[Beignet] GROMACS on beignet

Fri Apr 1 10:45:31 UTC 2016

Hi Xiuli,

Apologies if I were not clear enough with my questions.

1. By saying that there is only 64K local memory, I assume you meant to
hint that this is a scarce resource. We use only ~2KB local memory per work
group required mostly for prefetching and reduction across work-group. By
disabling pre-fetching we could get this down to a minimum of about 800
bytes. However, do you expect that to help in any way? Is the hardware
capable of keeping in flight >30-32 waves of 64 threads?

Also, I think I'm lacking some detailed knowledge as I do not see how is
this related to the drm_intel_gem_bo_context_exec() issue.

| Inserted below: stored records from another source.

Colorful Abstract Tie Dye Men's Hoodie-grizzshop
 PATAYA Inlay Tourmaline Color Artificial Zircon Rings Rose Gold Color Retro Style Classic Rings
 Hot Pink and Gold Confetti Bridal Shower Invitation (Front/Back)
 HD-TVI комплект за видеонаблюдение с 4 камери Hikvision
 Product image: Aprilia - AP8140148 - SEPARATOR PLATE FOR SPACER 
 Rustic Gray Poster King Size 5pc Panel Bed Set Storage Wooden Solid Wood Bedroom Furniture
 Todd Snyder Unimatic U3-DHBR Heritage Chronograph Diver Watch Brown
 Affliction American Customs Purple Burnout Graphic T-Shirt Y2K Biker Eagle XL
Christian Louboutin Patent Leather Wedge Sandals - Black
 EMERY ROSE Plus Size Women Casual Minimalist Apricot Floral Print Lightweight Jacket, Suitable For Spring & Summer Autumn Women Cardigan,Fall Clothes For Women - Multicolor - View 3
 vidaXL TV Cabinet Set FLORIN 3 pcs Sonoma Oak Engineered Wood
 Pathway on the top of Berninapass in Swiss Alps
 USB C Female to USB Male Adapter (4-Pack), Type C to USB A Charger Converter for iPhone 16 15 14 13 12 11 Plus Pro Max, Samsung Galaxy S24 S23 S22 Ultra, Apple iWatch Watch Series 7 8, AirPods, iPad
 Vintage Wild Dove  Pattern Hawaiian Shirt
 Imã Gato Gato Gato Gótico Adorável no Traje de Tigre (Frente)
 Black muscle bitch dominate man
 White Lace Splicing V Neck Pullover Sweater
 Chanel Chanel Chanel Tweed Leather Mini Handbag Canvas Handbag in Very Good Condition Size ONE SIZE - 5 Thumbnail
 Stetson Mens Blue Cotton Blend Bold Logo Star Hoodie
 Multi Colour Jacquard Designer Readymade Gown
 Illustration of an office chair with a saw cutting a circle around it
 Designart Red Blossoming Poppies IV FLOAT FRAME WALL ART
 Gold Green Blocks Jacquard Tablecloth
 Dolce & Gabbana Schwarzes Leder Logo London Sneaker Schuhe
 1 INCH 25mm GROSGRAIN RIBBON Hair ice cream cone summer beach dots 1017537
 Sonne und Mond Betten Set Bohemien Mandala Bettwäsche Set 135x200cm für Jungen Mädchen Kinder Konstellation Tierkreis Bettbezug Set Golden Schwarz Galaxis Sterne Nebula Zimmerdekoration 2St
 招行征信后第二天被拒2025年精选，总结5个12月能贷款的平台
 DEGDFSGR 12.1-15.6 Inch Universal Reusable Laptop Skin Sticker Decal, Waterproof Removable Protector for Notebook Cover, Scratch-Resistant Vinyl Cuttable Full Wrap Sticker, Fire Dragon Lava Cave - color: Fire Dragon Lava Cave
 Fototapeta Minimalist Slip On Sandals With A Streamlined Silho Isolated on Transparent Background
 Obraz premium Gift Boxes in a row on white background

2. As mentioned above, I have local work size = 64 and rely on splitting
the work over the global grid (so small workloads will have 100s, large
ones 10000s larger global work size).

3. Do you mean that I should *not* expect concurrency between CPU and GPU
to be possible with beignet and clEnqueueWriteBuffer, clEnqueuereadBuffer,
and clEnqueueNDRangeKernel will exhibit blocking behavior?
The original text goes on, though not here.